Neste mesmo sentido, noutra dimensão, com outra pujança, muitos passaram a viver esperançosos, a fruir das promessas de Deus como se elas já fossem até as alcançar de facto. Receberam a Palavra, germinou a fé, e partilharam a esperança.
Não foi assim que o evangelho chegou a tantos milhares de famílias em Portugal, depois que os pentecostais apelaram para que se vivesse o cristianismo como os apóstolos e os cristãos primitivos?
*
Se vos recomendo a leitura deste meu livro é porque sei que o contacto com o testemunho deste servo de Deus, que já não está entre nós há 23 anos, vos permitirá encontrar inspiração num exemplo próximo, na vida de alguém com quem convivemos e em relação ao qual há ainda milhares de testemunhas que confirma que chegaram á fé porque dele ouviram a Palavra que salva e ainda mantém a esperança sustentada nessa fé.  

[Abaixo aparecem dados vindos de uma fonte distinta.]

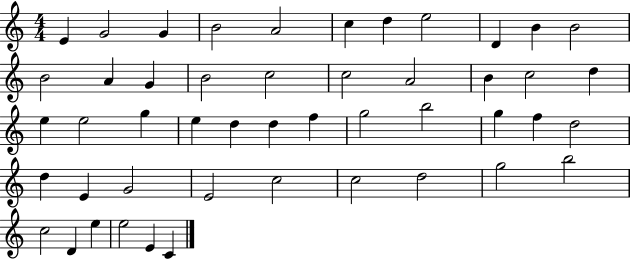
E4/q G4/h G4/q B4/h A4/h C5/q D5/q E5/h D4/q B4/q B4/h B4/h A4/q G4/q B4/h C5/h C5/h A4/h B4/q C5/h D5/q E5/q E5/h G5/q E5/q D5/q D5/q F5/q G5/h B5/h G5/q F5/q D5/h D5/q E4/q G4/h E4/h C5/h C5/h D5/h G5/h B5/h C5/h D4/q E5/q E5/h E4/q C4/q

O Dr. Kalley foi perseguido, maltratado, expulso. José Pessoa foi para a inóspita Guiné e percorreu quilómetros por terra e mar para chegar aos Bijagós, viveu as perseguições dos religiosos na Beira Baixa e um pouco por todo o país nos anos mais difíceis da propagação da Palavra no século passado. Ambos são inspiradores. Aquele por causa de uma velhinha à morte, mas confiante, este por causa do testemunhos de dois médicos ingleses que vieram a Portugal partilhar a fé, dar esperança.
E nós?
Fazemos o quê?
Estamos a morrer porque não partilhamos a fé viva que firma a esperança?
Temos a alma comprimida por algum derrame espiritual que nos desligou do passado, do tempo em que fruíamos das bênçãos de Deus?

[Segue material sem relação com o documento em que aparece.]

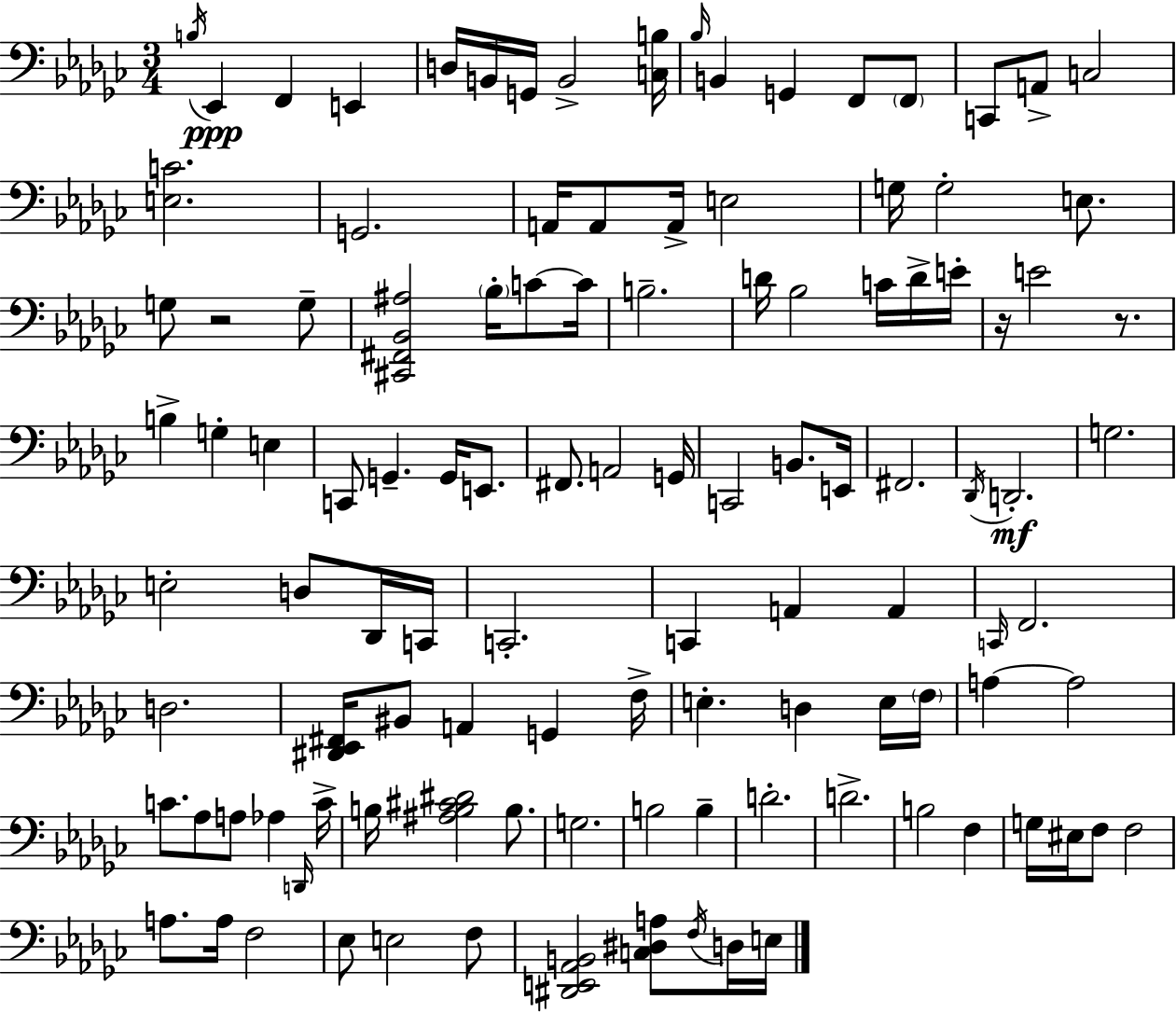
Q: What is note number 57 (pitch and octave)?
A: C2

Ou temos um trombo na comunicação com Deus que está a impedir que o sangue vivo, enérgico, poderoso, que fala do amor de Deus, derramado por Jesus, e definhamos por não termos socorro atempado?
Ou porque temos a convicção de que somos auto-suficientes, não queremos nada com os outros nem reparamos como vivem, nem nos interessamos pelo modo como abraçaram a fé e isso fez toda a diferença?
Para uns e outros, o grande exemplo é Jesus Cristo; é Ele quem pode salvar, mas também foi Ele quem mandou que todos os que gozam desse privilégio de ter alcançado a fé e viver a esperança se alimentem da partilha, sejam exemplo para muitas, muitas pessoas, todas quantas estiverem no nosso caminho se não tivermos coragem e oportunidade de ir ao encontro delas. (Como uma Bíblia pode mudar a vida duma comunidade: História do polaco colportor que emprestou uma Bíblia e regressou passado tempo ao local e viu os respectivos efeitos – mais de duzentas pessoas se aproximaram de Deus e algumas sabiam livros inteira de cor! – Cf. Novas de Alegria, Outubro de 1950)
Leia sobre os heróis da Fé. Daqueles de que fala a Bíblia e destes de que brevemente falei. Conheça mais de perto também o exemplo deste nosso querido e saudoso missionário e pastor José Pessoa, que se deu para partilhar fé e esperança.
«Lembrem-se dos dias passados. Vocês tinham acabado de receber a luz de Deus, tiveram de enfrentar grandes sofrimentos e mantiveram-se firmes na luta.» (Hb. 10:32, versão em português corrente).
Inspirem-se no passado para vislumbrarem nitidamente o futuro que já está nos vossos corações! Se há derrames ou trombos que impedem essa comunicação peçam ajuda, ajudem-se mutuamente a segurar a fé, a manter a esperança. (Leituras Salmo 107, João 14:1-3)
Como autor do livro ficarei agradecido e lisonjeado.
E não deixem de viver a esperança que a fé sustenta!